## Exercise objective:
Start the copy at the line containing "Пропуск документ удостоверение" and run it through the last line of the records. Repeat each line exactly; omit pictures.

[Recorded data]

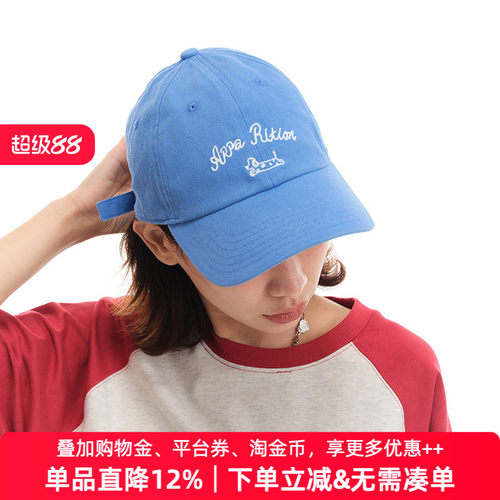 潮流休闲刺绣弯檐棒球帽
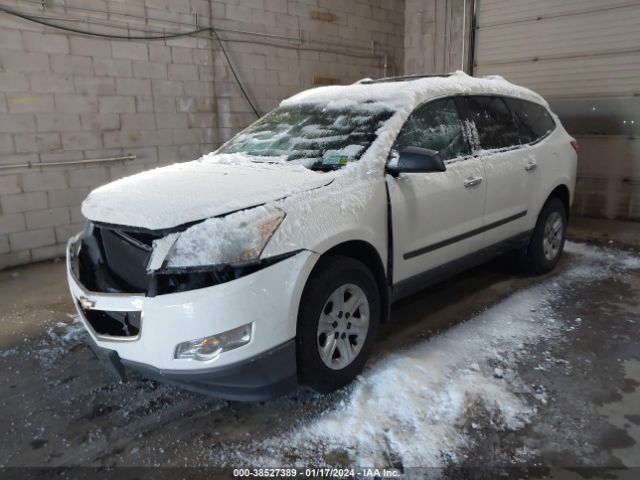 Photo 1 VIN: 1GNKREED5CJ350687 - CHEVROLET TRAVERSE 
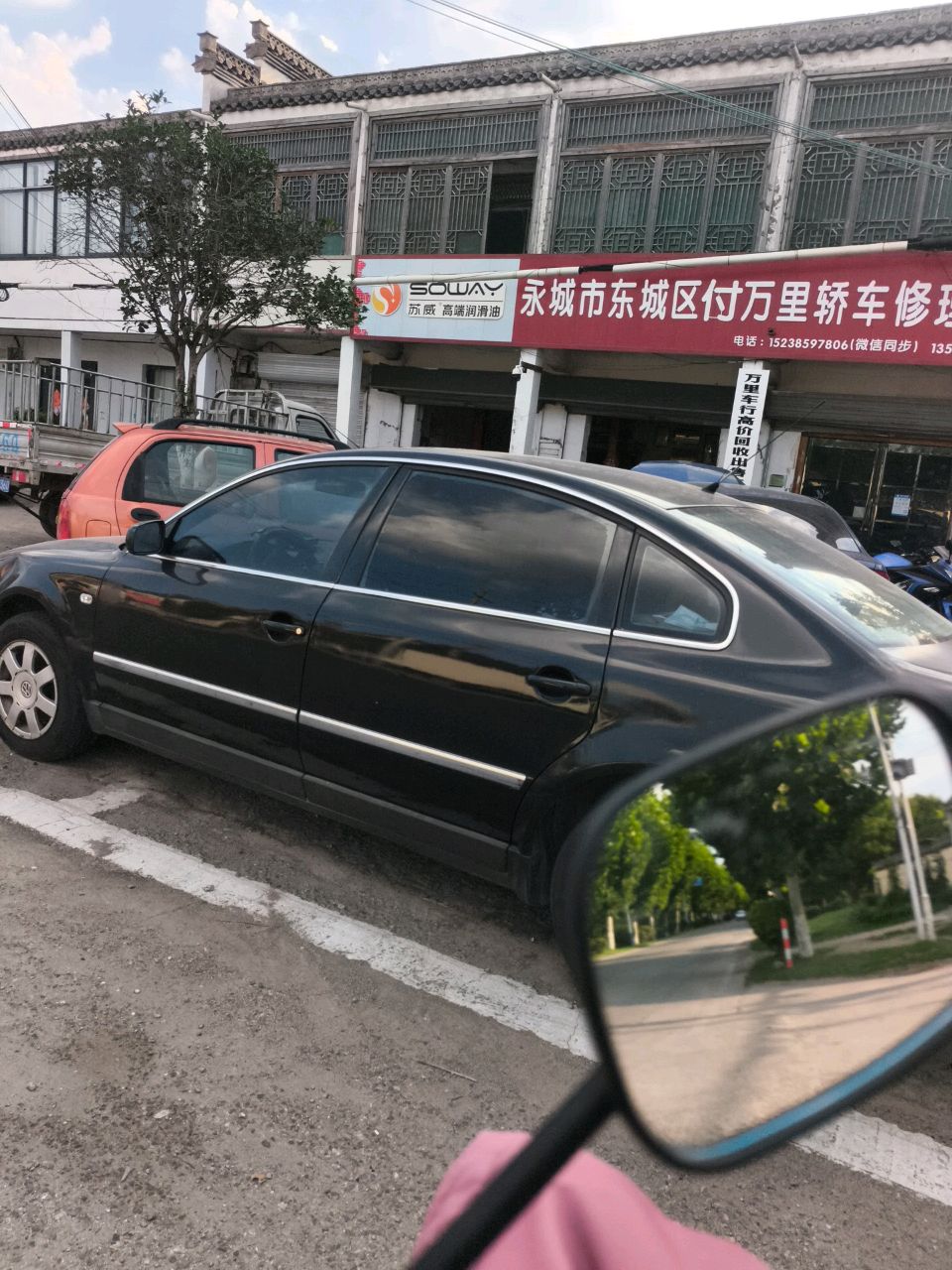 永城市东城区付万里轿车修理部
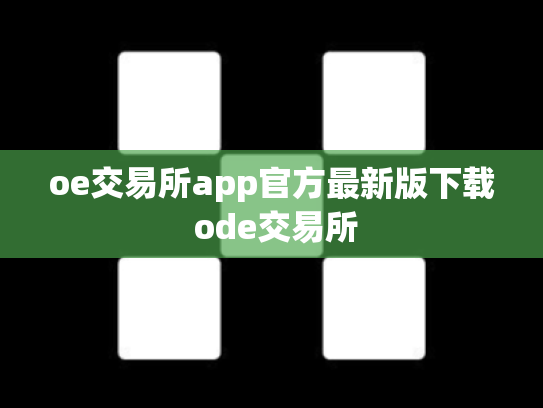 oe交易所app官方最新版下载 ode交易所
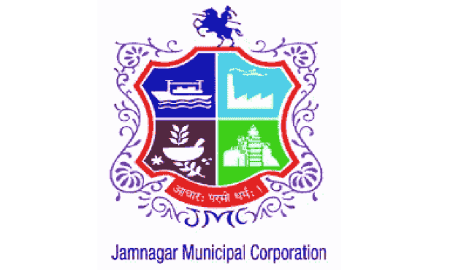 Jmc Jamnagar Recruitment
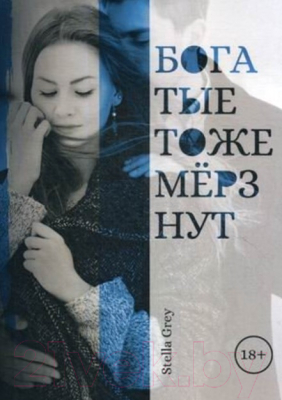 Книга Rugram Богатые тоже мерзнут / 9785517009258 (Грей С.)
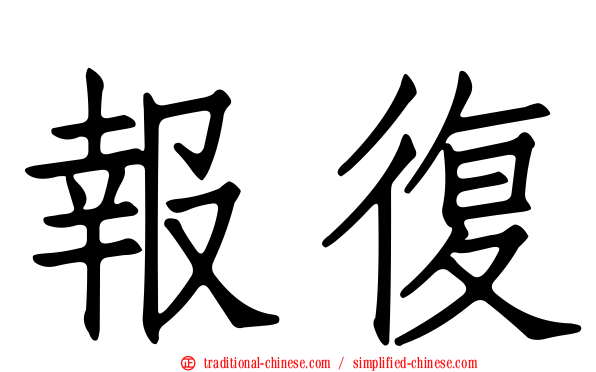 報復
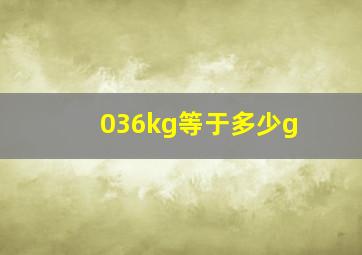 036kg等于多少g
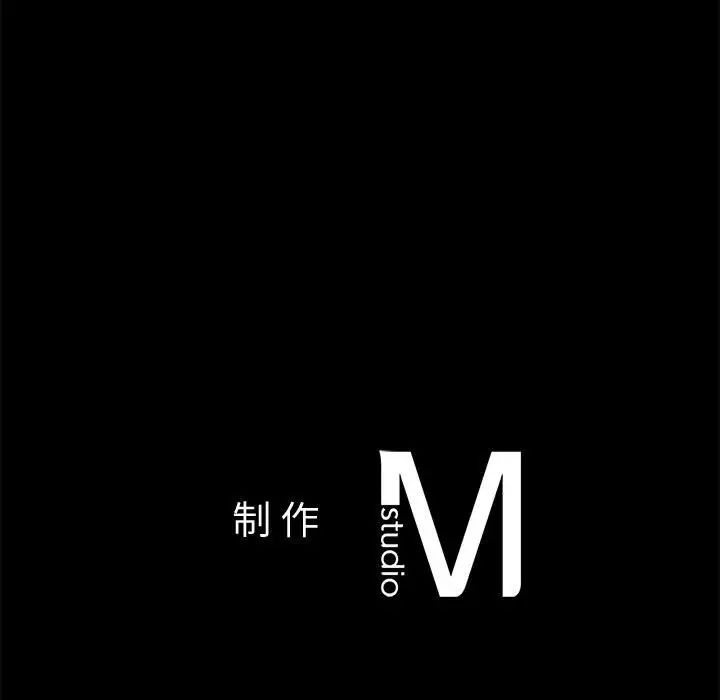 我的继姐，第16話，第 157 页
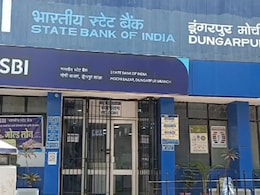 अगर RBI ने मान ली SBI की बात तो खाताधारकों की बल्ले-बल्ले, खत्म हो जाएगी फ्रीज खातों की परेशानी अगर RBI ने मान ली SBI की बात तो खाताधारकों की बल्ले-बल्ले, खत्म हो जाएगी फ्रीज खातों की परेशानी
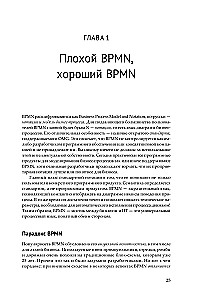 BPMN — Metoda i styl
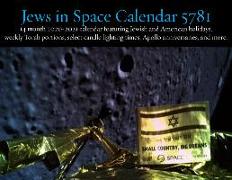 Jews in Space Calendar 5781: 14 Month 2020-2021 Calendar Featuring Jewish and American Holidays, Weekly Torah Portions, Select Candle Lighting Time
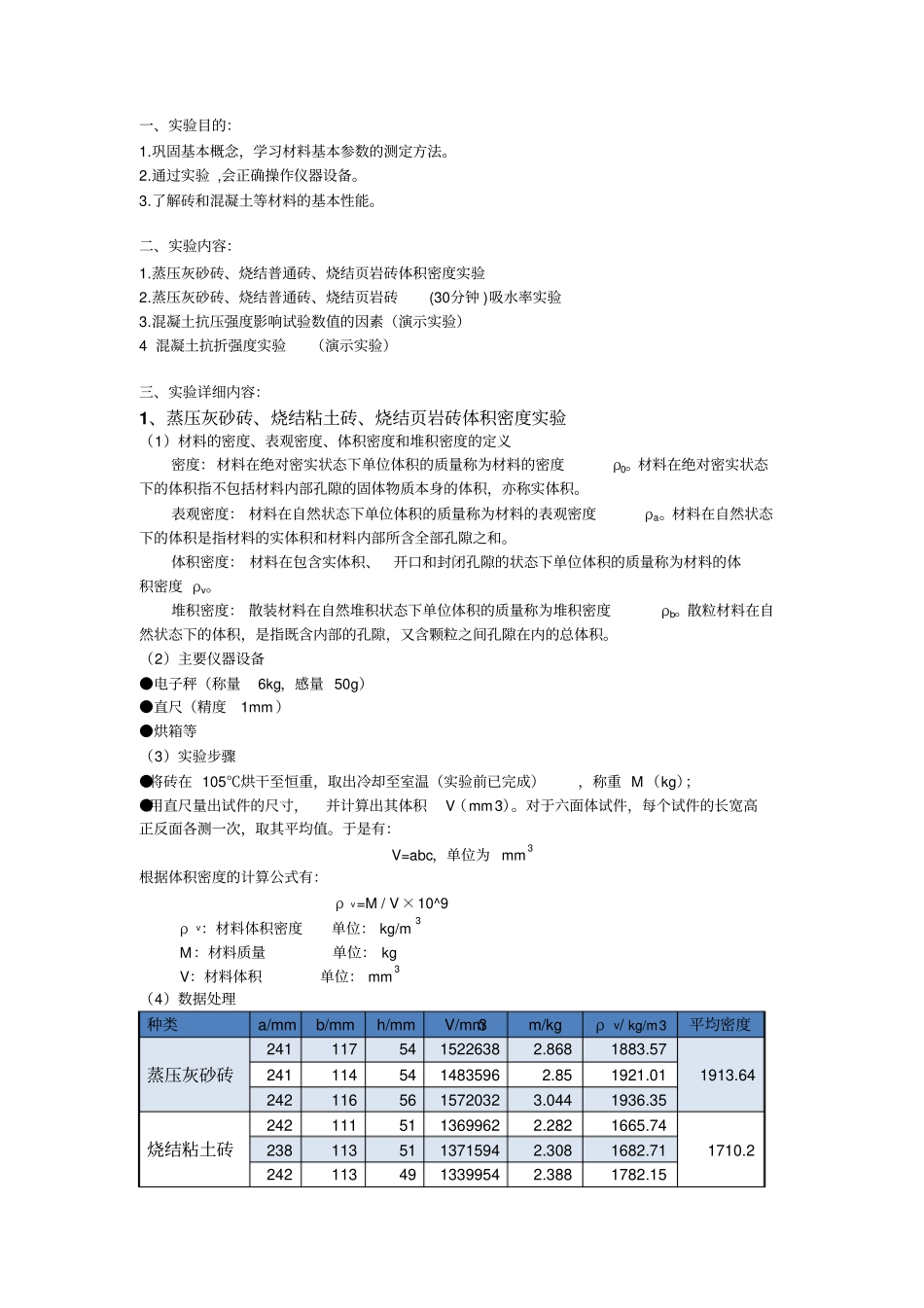建材试验报告-建筑材料基本性质x_第2页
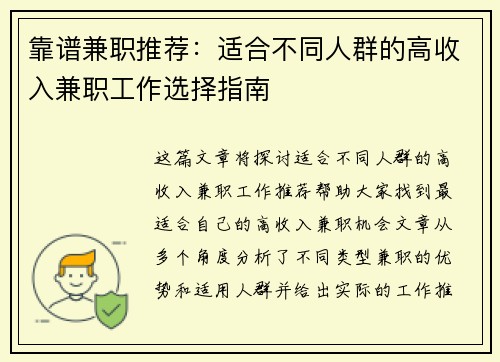 靠谱兼职推荐：适合不同人群的高收入兼职工作选择指南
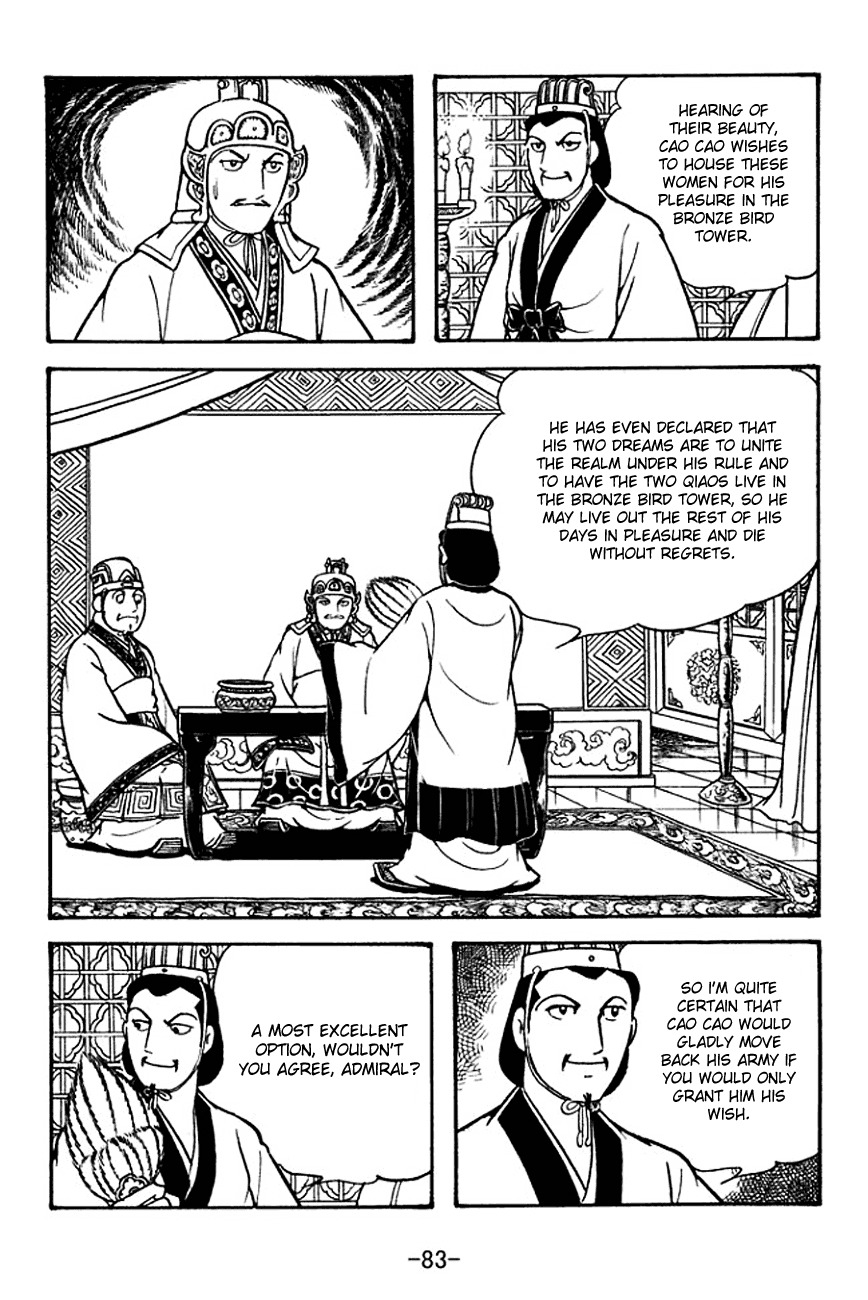 Sangokushi Chapter 131 page 27 - Chapter 131
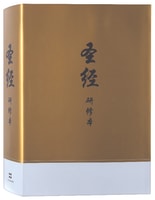 Chinese Study Bible with Content from the ESV Study Bible Translated By United Bible Societies) (新标点和合本 - Chinese Union Version with New Punctuation, CUVNP) Hardback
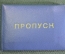 Пропуск документ удостоверение "Высшие специальные офицерские классы ВСОК". ВМФ СССР.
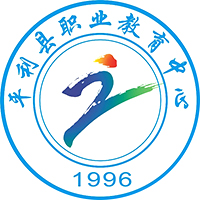 平利县职业教育中心logo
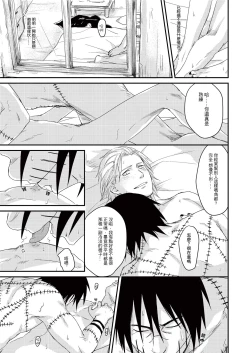 Page 48 of Innocent Sin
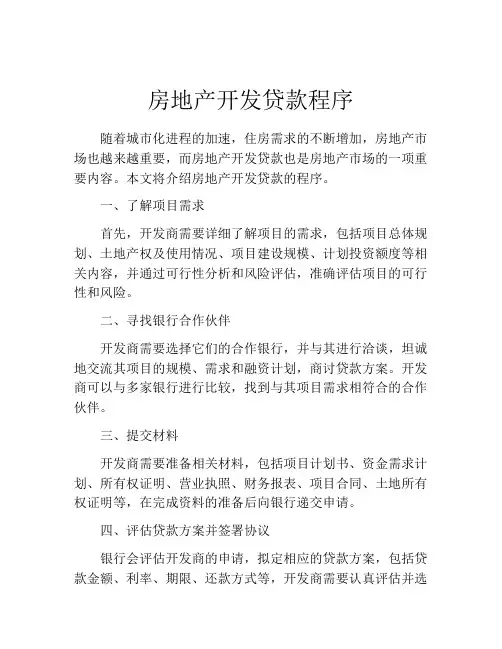 房地产开发贷款程序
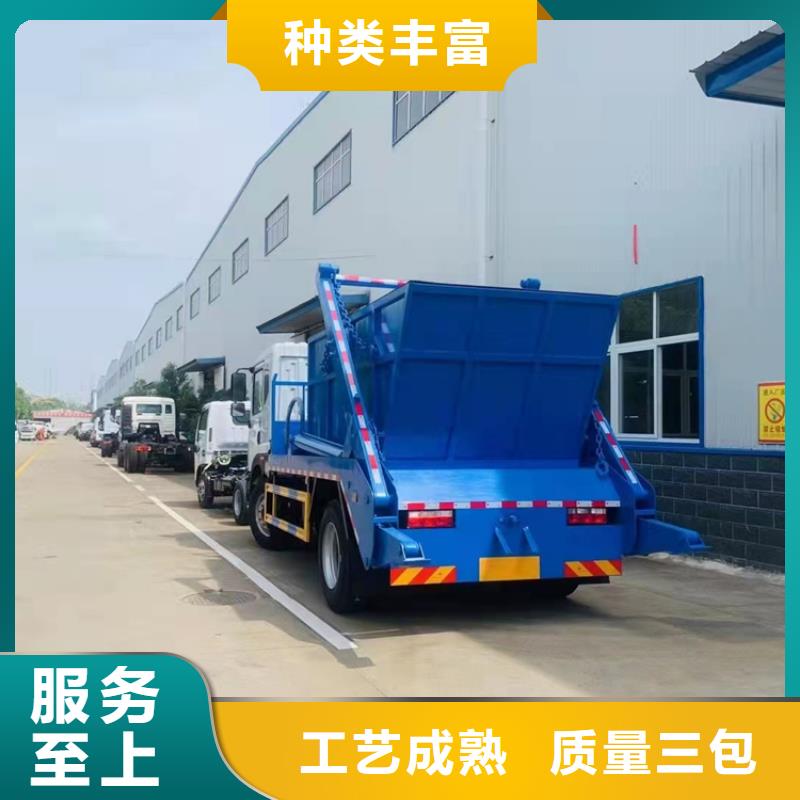 有機肥公司5噸勾臂式糞污運輸車-12方車廂可卸式糞污運輸車多少錢當?shù)貜S家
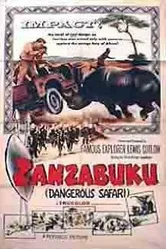 Zanzabuku постер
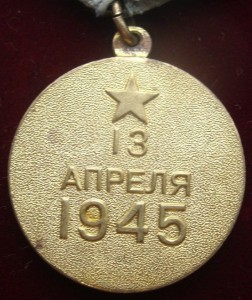 БКЗ № 769**  винт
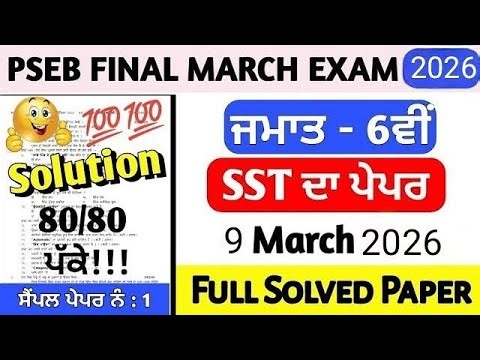 PSEB CLASS 6TH SST FINAL EXAM 9 MARCH 2026 || FULL SOLVED|| FULL EXPLAIN||REAL PAPER| PAPER LEAKED 🤫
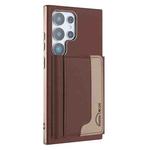 For Samsung Galaxy S23 Ultra 5G Colour Matching Horizontal Magnetic Card Bag RFID MagSafe Phone Case(Brown)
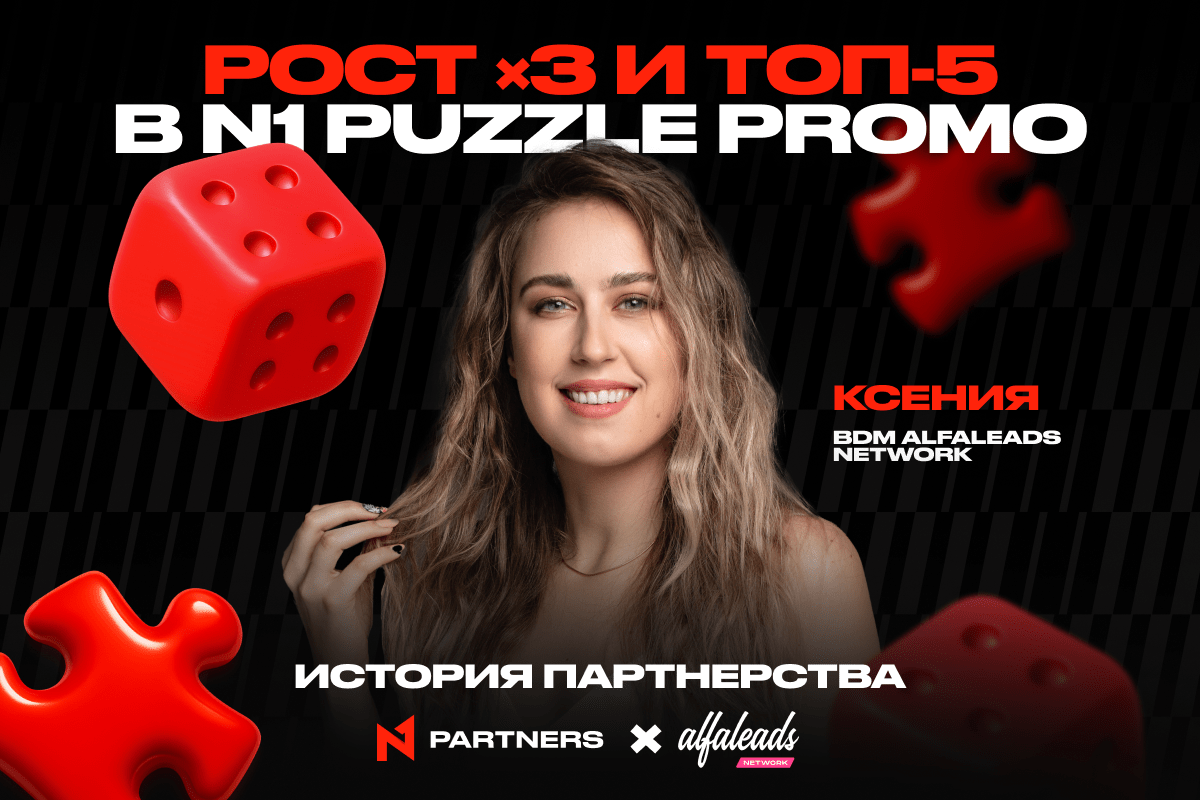 Кейс N1 Partners и Alfaleads Network: 3x рост за год и топ-5 в N1 Puzzle Promo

[/Recorded data]

## Answer to this task:
 Пропуск документ удостоверение "Высшие специальные офицерские классы ВСОК". ВМФ СССР.
 平利县职业教育中心logo
 Page 48 of Innocent Sin
 房地产开发贷款程序
 有機肥公司5噸勾臂式糞污運輸車-12方車廂可卸式糞污運輸車多少錢當?shù)貜S家
 Zanzabuku постер
 БКЗ № 769**  винт
 PSEB CLASS 6TH SST FINAL EXAM 9 MARCH 2026 || FULL SOLVED|| FULL EXPLAIN||REAL PAPER| PAPER LEAKED 🤫
 For Samsung Galaxy S23 Ultra 5G Colour Matching Horizontal Magnetic Card Bag RFID MagSafe Phone Case(Brown)
 Кейс N1 Partners и Alfaleads Network: 3x рост за год и топ-5 в N1 Puzzle Promo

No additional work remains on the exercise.